Shane grew up on the ranch with a sister, brother and dozens of other children, some of different ethnicity. He rode horses, played basketball, loved hockey. At the age of 15, he left home to play for the Kamloops Blazers of the Western Hockey League.

Tom Renney, now the coach of the New York Rangers, remembered the first time he saw Mr. Doan in Kamloops.

"Shane was skating back and forth between the bluelines and just had his head down," Mr. Renney said. "I asked, 'Doaner, what the heck are you doing?' He said, 'Mr. Renney, I never thought I'd see this Blazer logo going under my feet.' That's when you knew you had a kid with the passion to be a good player."

Mr. Doan has a zest for life and sport.

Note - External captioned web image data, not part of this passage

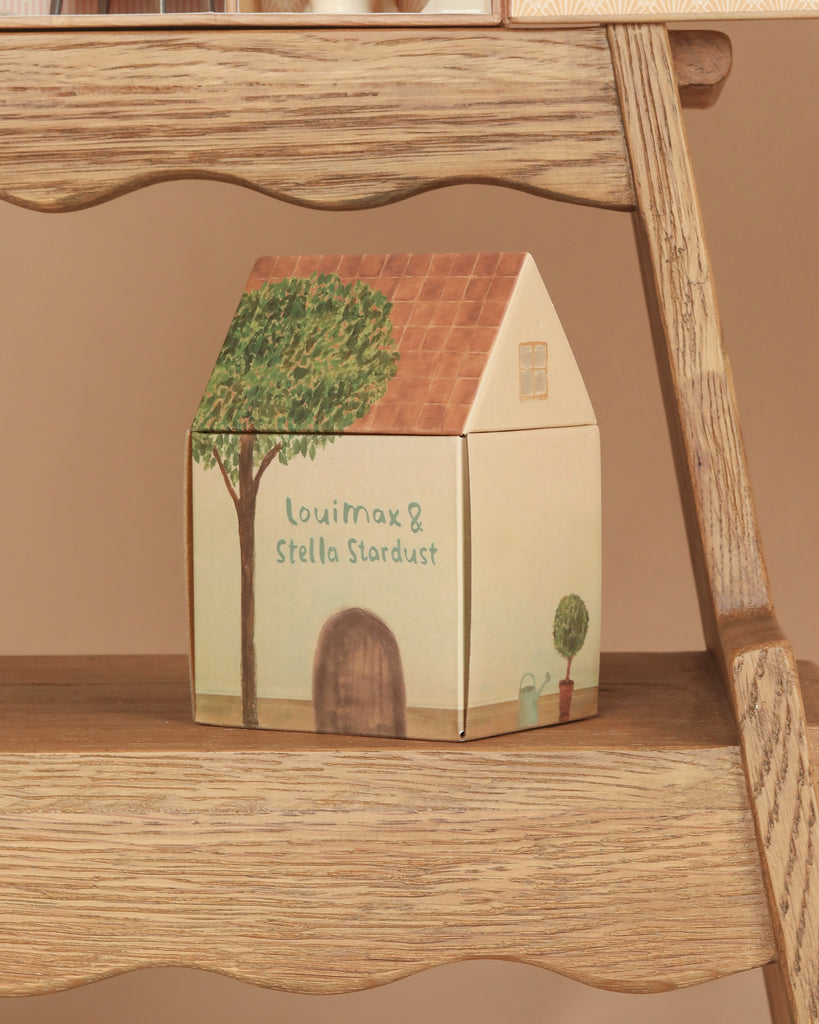 A small house-shaped box featuring a tree illustration and the words "Louimax & Stella Stardust" sits on a wooden shelf, making the perfect addition to any Maileg Suitcasa Furnished Set or serving as charming accessories for your Maileg dollhouse.
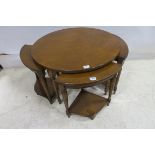 A WALNUT CROSS BANDED COFFEE TABLE of circular outline containing three demi lune tables raised on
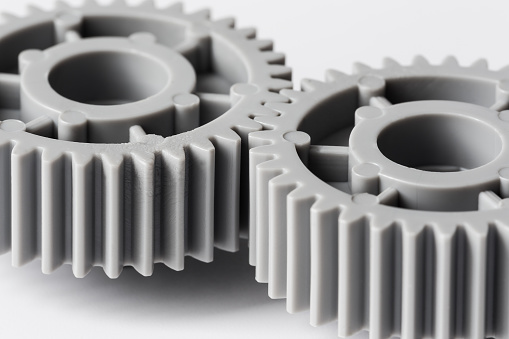 two plastic gears closeup geared for one another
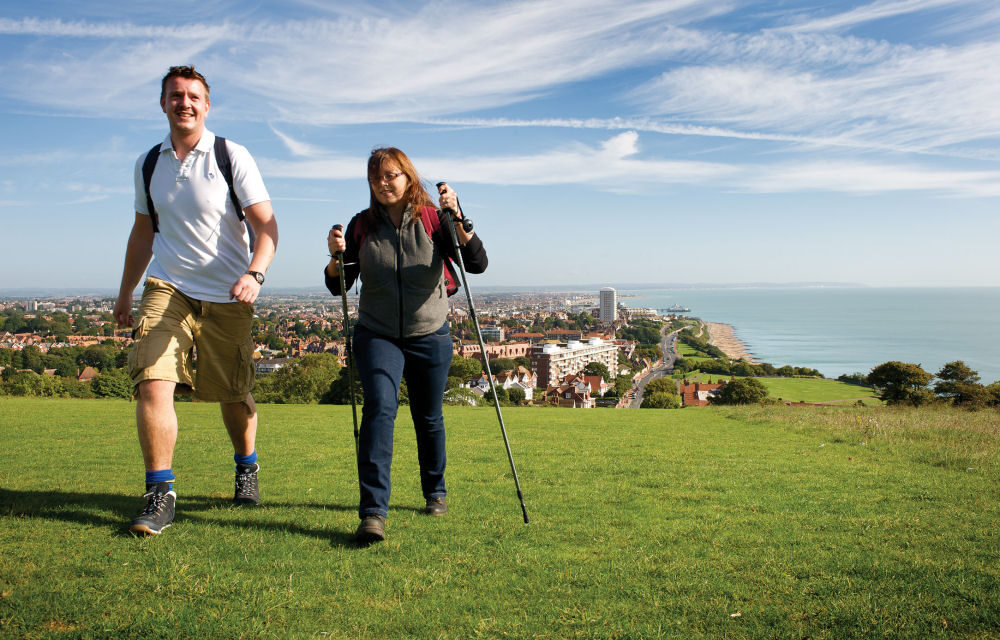 a man and a woman walking on the Downs above Eastbourne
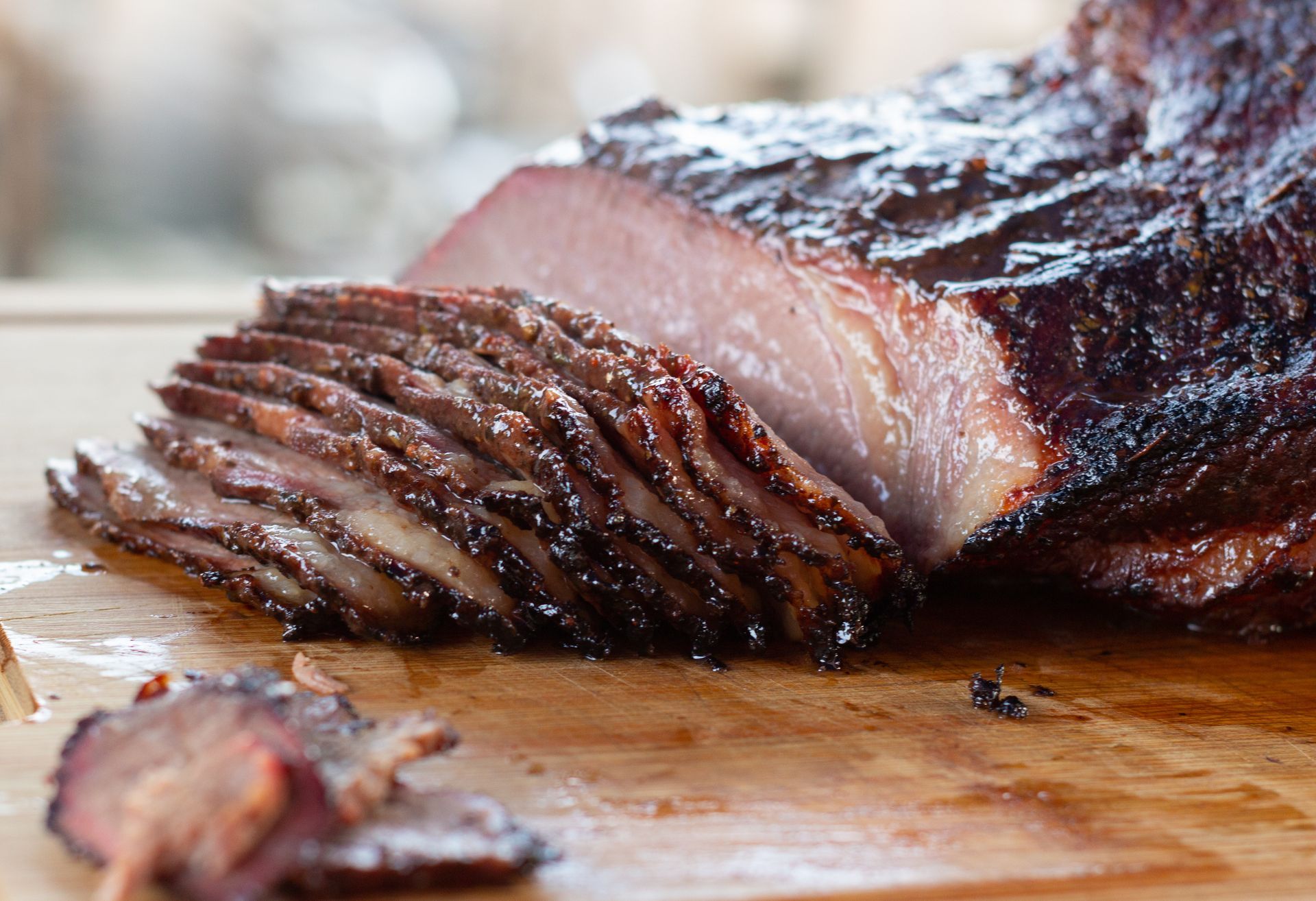A large piece of meat is sitting on a wooden cutting board.
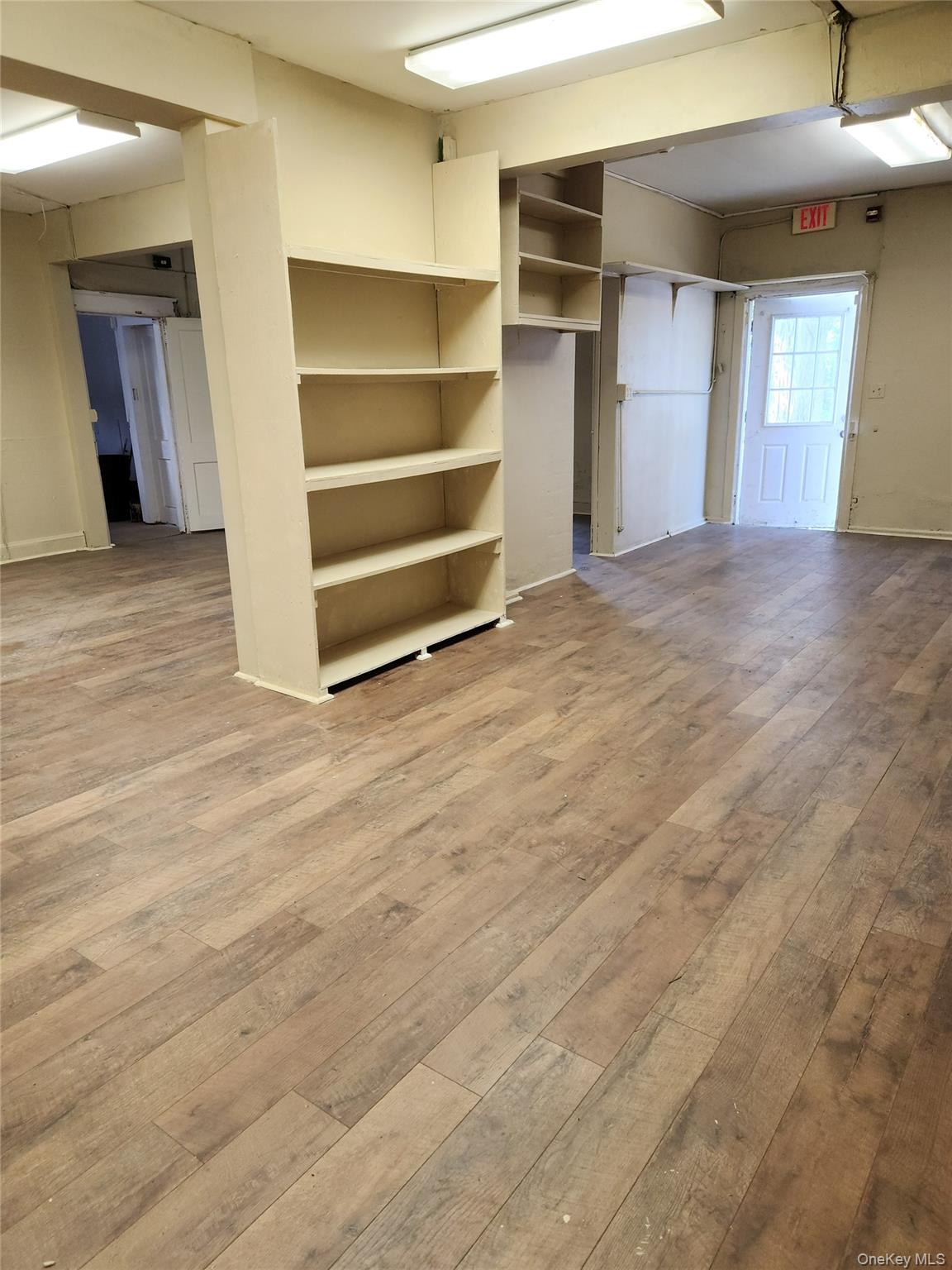 Unfurnished room featuring light wood-style floors and baseboards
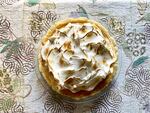 Rhubarb meringue pie on a table.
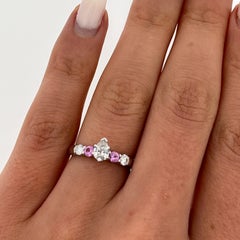 18 White Gold Diamond Ring, Set With Pink Sapphires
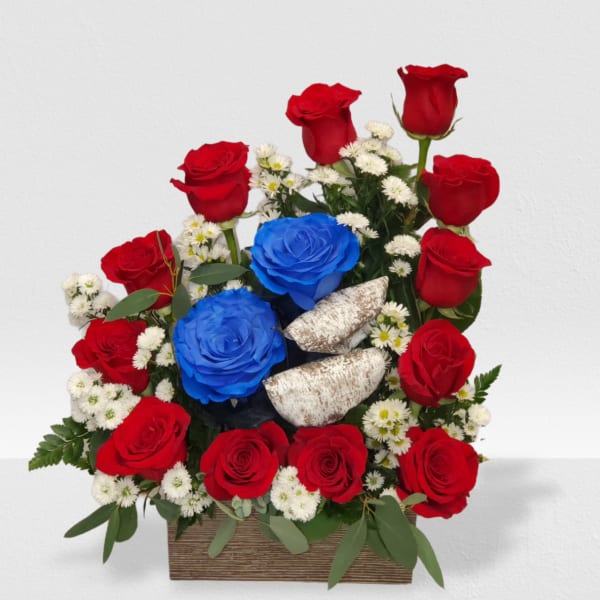 Red and blue roses with small white blooms and silver bird accents in a wooden box arrangement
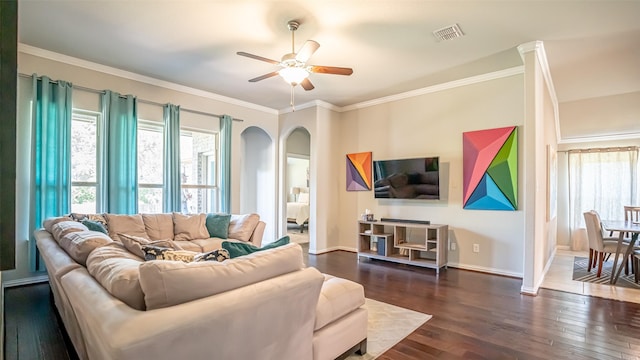 4100 Fanita Pl, Denton, TX 76210 - living area featuring arched walkways, a ceiling fan, dark wood finished floors, baseboards, and crown molding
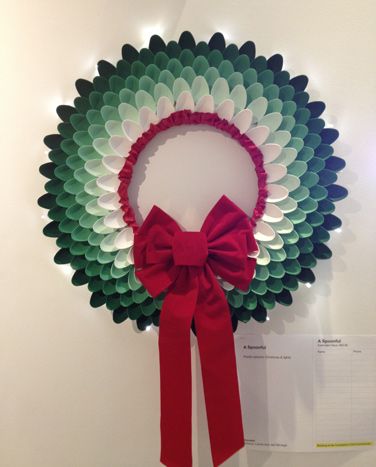 a paper wreath with a red bow hanging from it's side on a wall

As a player, he has become a consistent high-level performer, one who can score, hit and fight.

He is comfortable saying fighting is simply part of the game and that it doesn't clash with his Christian beliefs.

"God made me the way I am. He gave me intensity, passion and desire and for me to try and not have that is wrong," Mr. Doan recently told The Globe and Mail. "Life to me is to have fun and play hockey, be intense and when I'm on the ice to run people over."

Most hockey players do charity work and Mr. Doan does his share. He just doesn't talk about it.

During the last week of the 2006-07 NHL regular season, Mr. Doan arranged for more than 200 homeless children to come by bus to the Phoenix Coyotes practice rink and skate with him. He paid for everything - transportation, ice time, skate rentals and the pizza party that followed. Then he arranged for 600 kids and parents to attend a Coyotes game. He paid for the tickets and told the team's public relations staff not to say a word to the media.

"I've known Shane a long time," said Ottawa Senators forward Mike Fisher, who has played with and against him. "And [making a cultural slur]sounds like something completely out of character for him."

The supporters say what is in character is Mr. Doan offering to give up the captaincy to protect Hockey Canada and his teammates from any further abuse.

Hockey Canada denounced that option. It said the best man was already wearing the C on his jersey.